Nigeria is home to some of Africa’s most valuable fintech companies, like Flutterwave and Paystack. But while they enable people receive payments across borders, instant personal remittances is not their focus.
And so to receive money from the continent, Africa’s diaspora need to find each other on social media (especially WhatsApp – there is one group for Nigerians in Edmonton, Canada, for instance), exchange account numbers (at least one African and, say, Canadian one) and negotiate rates. This informal method has existed for years and works well enough to be a thriving business for some individuals – well enough to be the concept behind at least one Nigerian startup’s ambition to fill the gap left by PayPal and others.
How the Lemonade Finance app works
Founded in 2020, Lemonade Finance set off to enable people living in Africa send or receive money. But after a few months, the company realized its app was mostly used by Africans abroad. “So today only Nigerians, Ghanaians, and Kenyans in the UK, and Canada can use the product,” CEO and co-founder Ridwan Olalere tells Quartz.
While those users use the app to send money to Africa, the reverse is more interesting.
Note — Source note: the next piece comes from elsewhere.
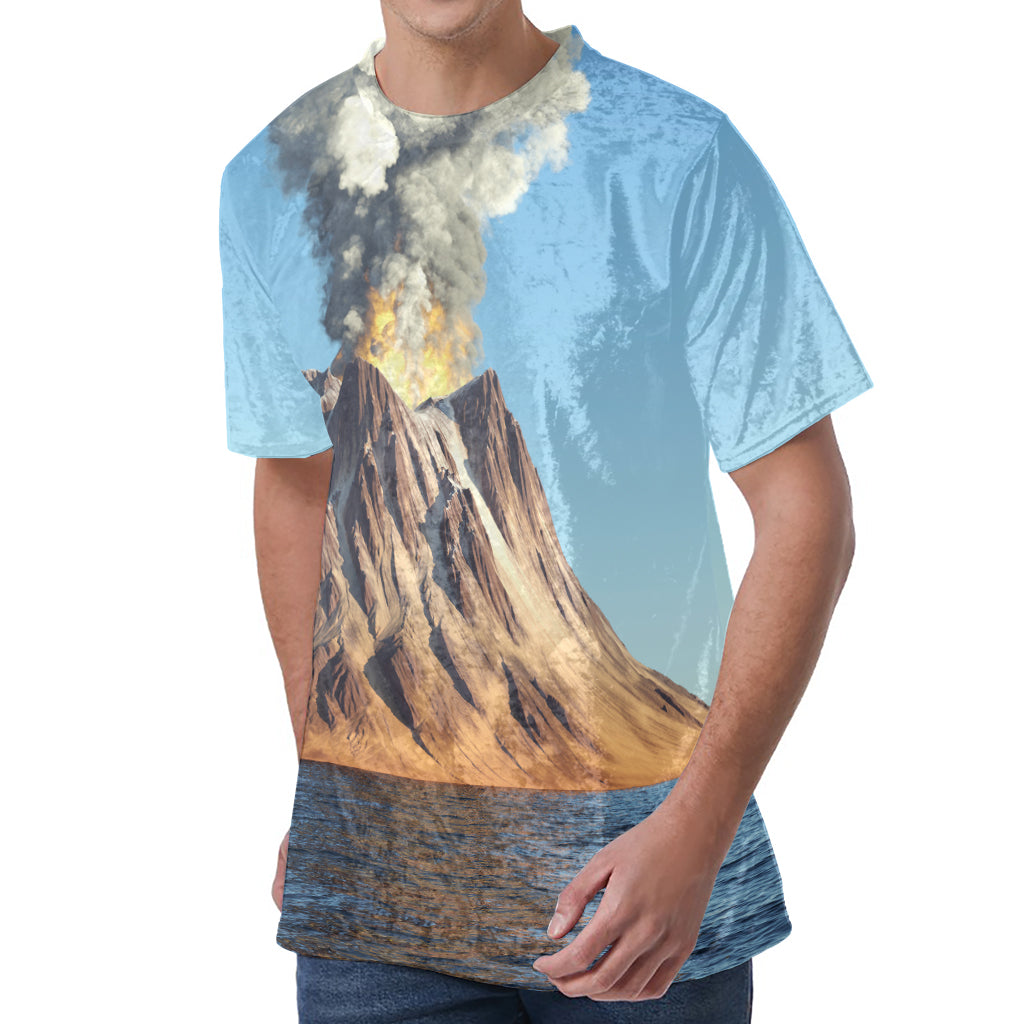 Volcanic Mountain Print Men's Velvet T-Shirt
After a user signs up, they get a bank account number from a Nigerian naira or Ghanaian cedi or Kenyan shilling wallet to which a benefactor in Africa can send money. The user can then convert the money received from whatever African currency to Canadian dollars or British pounds within the Lemonade app, and move it to their Canadian or British bank. Or, the user could leave the money on the app in African currency if they want to make subsequent transfers.